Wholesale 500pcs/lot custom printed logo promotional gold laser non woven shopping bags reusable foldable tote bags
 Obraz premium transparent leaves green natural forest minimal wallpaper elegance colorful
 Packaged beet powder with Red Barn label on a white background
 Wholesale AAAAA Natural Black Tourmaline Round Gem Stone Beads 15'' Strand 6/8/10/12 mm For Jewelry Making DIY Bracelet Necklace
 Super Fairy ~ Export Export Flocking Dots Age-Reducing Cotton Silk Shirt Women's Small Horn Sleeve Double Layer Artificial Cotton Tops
◆ ◆ ◆ ◆ ◆
» Instructions to follow: Filter the entries above down to the lines containing the word "Wholesale".

» Exercise answer:
Wholesale 500pcs/lot custom printed logo promotional gold laser non woven shopping bags reusable foldable tote bags
 Wholesale AAAAA Natural Black Tourmaline Round Gem Stone Beads 15'' Strand 6/8/10/12 mm For Jewelry Making DIY Bracelet Necklace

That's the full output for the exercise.